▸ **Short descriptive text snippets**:
Start of Block
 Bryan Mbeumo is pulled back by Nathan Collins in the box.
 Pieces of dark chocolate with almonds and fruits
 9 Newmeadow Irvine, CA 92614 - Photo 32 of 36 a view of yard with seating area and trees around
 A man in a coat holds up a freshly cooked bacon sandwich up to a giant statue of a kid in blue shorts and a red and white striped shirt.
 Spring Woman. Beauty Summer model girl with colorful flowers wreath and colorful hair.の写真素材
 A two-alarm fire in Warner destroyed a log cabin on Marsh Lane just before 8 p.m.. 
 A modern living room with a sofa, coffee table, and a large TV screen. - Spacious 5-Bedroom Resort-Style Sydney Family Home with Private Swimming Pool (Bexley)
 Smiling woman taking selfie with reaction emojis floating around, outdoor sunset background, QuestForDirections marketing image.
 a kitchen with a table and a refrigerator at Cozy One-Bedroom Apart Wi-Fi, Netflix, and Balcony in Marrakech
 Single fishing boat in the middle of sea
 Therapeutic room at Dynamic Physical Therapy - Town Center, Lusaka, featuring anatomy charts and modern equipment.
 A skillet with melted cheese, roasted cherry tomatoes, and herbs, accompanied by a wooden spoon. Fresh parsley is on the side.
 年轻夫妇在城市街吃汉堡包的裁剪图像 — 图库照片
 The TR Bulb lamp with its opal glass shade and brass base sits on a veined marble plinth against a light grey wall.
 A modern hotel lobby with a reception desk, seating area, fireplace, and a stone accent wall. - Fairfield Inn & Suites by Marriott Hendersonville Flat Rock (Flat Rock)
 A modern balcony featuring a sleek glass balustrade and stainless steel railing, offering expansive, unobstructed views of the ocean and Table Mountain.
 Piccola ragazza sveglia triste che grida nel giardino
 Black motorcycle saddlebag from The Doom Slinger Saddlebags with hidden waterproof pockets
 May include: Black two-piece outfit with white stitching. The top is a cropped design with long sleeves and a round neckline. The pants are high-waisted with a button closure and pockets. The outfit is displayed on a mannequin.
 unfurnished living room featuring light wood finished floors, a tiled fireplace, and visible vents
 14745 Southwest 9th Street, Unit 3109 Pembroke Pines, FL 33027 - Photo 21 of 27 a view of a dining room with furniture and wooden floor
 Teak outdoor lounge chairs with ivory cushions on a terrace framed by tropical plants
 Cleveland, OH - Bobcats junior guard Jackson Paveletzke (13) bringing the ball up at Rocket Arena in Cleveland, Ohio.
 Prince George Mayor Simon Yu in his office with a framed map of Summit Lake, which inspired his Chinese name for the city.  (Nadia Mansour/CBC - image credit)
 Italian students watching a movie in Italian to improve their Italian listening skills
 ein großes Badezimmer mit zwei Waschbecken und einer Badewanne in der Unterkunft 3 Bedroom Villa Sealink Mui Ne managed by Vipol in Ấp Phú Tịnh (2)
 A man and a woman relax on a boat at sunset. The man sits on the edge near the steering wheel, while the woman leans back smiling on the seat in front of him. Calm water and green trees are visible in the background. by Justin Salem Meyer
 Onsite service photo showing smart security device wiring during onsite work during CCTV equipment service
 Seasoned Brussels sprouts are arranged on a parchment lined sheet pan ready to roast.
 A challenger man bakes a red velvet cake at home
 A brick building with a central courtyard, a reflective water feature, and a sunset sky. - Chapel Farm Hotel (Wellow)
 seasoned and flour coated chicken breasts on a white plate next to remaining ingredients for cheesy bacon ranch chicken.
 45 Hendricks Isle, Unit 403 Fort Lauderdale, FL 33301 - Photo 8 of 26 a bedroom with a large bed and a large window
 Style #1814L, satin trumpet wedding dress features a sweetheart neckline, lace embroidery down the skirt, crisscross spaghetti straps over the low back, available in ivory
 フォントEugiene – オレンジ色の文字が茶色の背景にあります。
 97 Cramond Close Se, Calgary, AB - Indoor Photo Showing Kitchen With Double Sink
End of Block
▸ **HOW TO COMPLETE THIS TASK**:
Look above for the line containing "Piccola ragazza sveglia" and the line containing "A brick building". Transcribe both, with the lines between them, exactly.

▸ **WRITTEN ANSWER**:
 Piccola ragazza sveglia triste che grida nel giardino
 Black motorcycle saddlebag from The Doom Slinger Saddlebags with hidden waterproof pockets
 May include: Black two-piece outfit with white stitching. The top is a cropped design with long sleeves and a round neckline. The pants are high-waisted with a button closure and pockets. The outfit is displayed on a mannequin.
 unfurnished living room featuring light wood finished floors, a tiled fireplace, and visible vents
 14745 Southwest 9th Street, Unit 3109 Pembroke Pines, FL 33027 - Photo 21 of 27 a view of a dining room with furniture and wooden floor
 Teak outdoor lounge chairs with ivory cushions on a terrace framed by tropical plants
 Cleveland, OH - Bobcats junior guard Jackson Paveletzke (13) bringing the ball up at Rocket Arena in Cleveland, Ohio.
 Prince George Mayor Simon Yu in his office with a framed map of Summit Lake, which inspired his Chinese name for the city.  (Nadia Mansour/CBC - image credit)
 Italian students watching a movie in Italian to improve their Italian listening skills
 ein großes Badezimmer mit zwei Waschbecken und einer Badewanne in der Unterkunft 3 Bedroom Villa Sealink Mui Ne managed by Vipol in Ấp Phú Tịnh (2)
 A man and a woman relax on a boat at sunset. The man sits on the edge near the steering wheel, while the woman leans back smiling on the seat in front of him. Calm water and green trees are visible in the background. by Justin Salem Meyer
 Onsite service photo showing smart security device wiring during onsite work during CCTV equipment service
 Seasoned Brussels sprouts are arranged on a parchment lined sheet pan ready to roast.
 A challenger man bakes a red velvet cake at home
 A brick building with a central courtyard, a reflective water feature, and a sunset sky. - Chapel Farm Hotel (Wellow)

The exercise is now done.